It would even have held the all-time lap record until lap six of the race, when Dan Gurney in his Eagle broke it with a time of 8 minutes and 18.2 seconds.
The 1967 season was fast, wicked and violent even by the standards of early Formula 1. The cars had just come back into power the year before, when regulations increased maximum engine size from a sewing machine 1.5 liters to a healthy three, and this was the first year when the entire field was made up of 3-liter cars. Speeds were increasing race by race, the cars ran on hard rubber, had no wings, and the tracks they raced on were designed and built in the 1920s.

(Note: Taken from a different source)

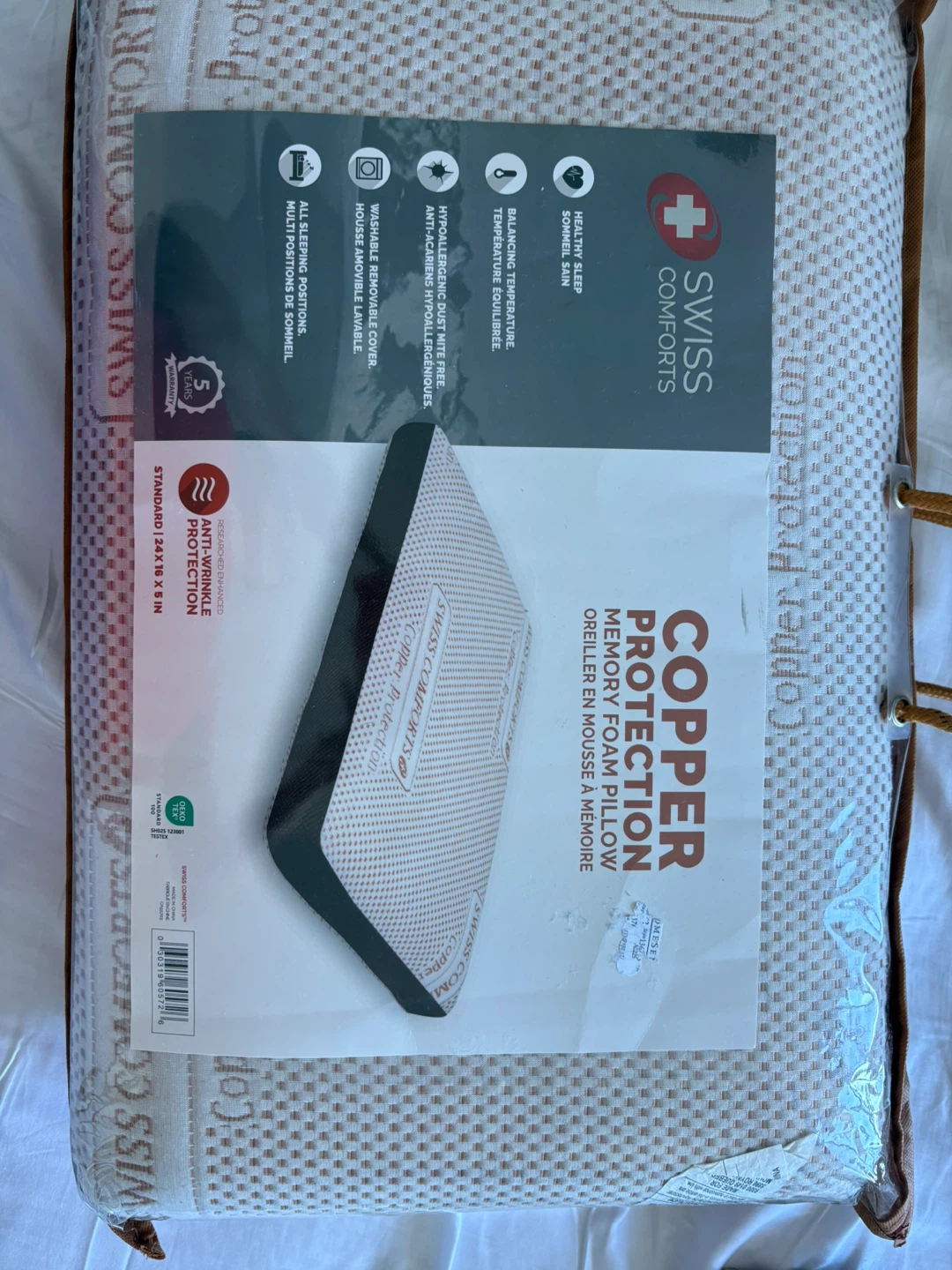 Swiss Comforts Copper Protection Memory Foam Pillow - photo 2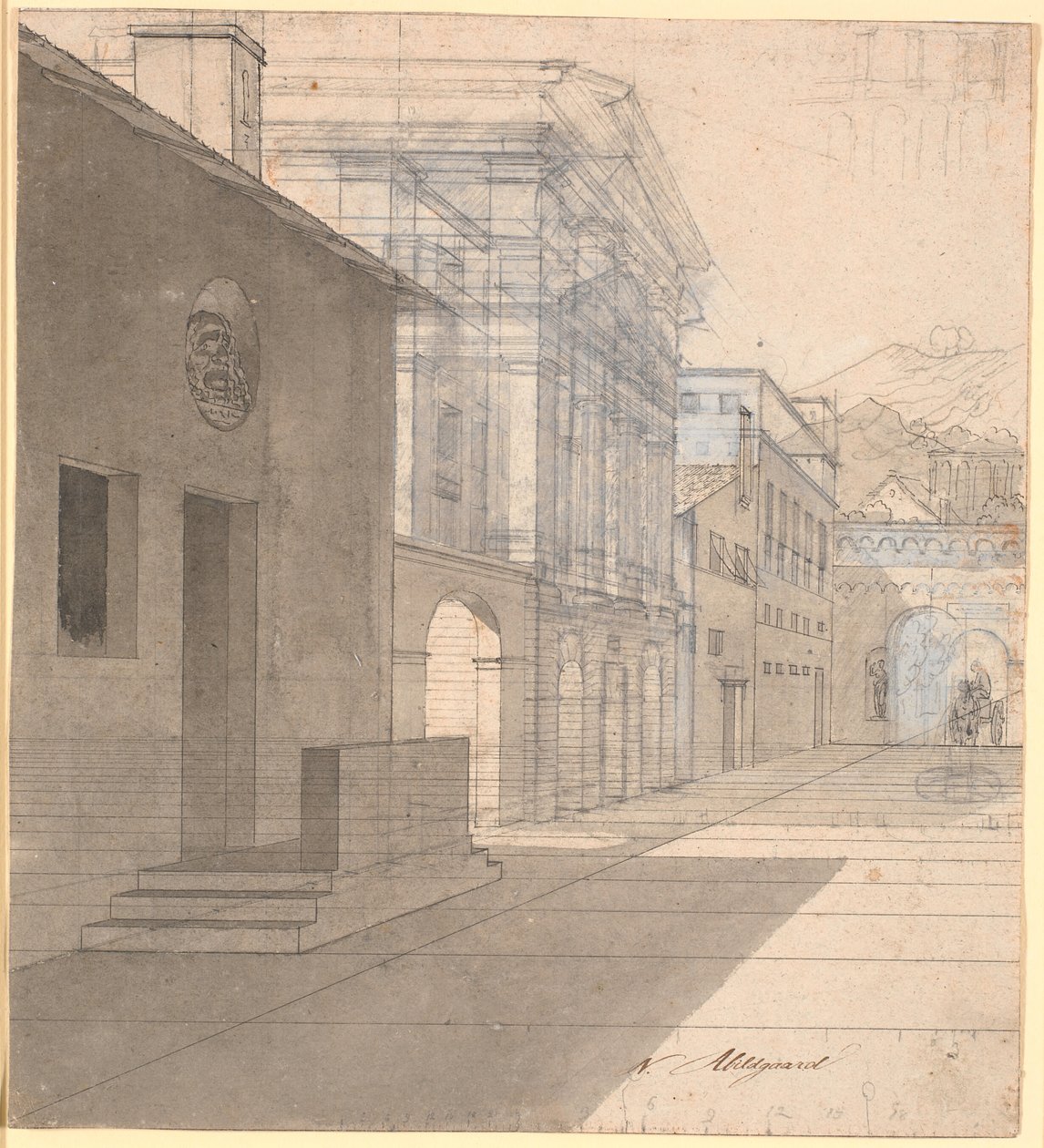 Estudo em perspectiva da arquitetura na imagem da parteira saindo da casa de Androspigen de Nicolai Abildgaard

Add to this the utter madness of the most famous of those tracks: the old Nürburgring Nordschleife. Where trees lined a thin strip of tarmac and these slender aluminum tubes with no downforce skirted right up to the edge on every lap. One would imagine it was not only the Eagle’s exhaust manifolds which were made of titanium but Gurney’s balls as well.
The cars took an incredible beating and the Grand Prix turned into a race of attrition. Gurney, who would go on to break the lap record again with a time of 8:15.1, had to retire from first position with a broken halfshaft. Denny Hulme in the unremarkable but reliable Brabham-Repco won the race and went on to become World Champion.
And yes, the cars took to the air on every lap at the very appropriately named Flugplatz.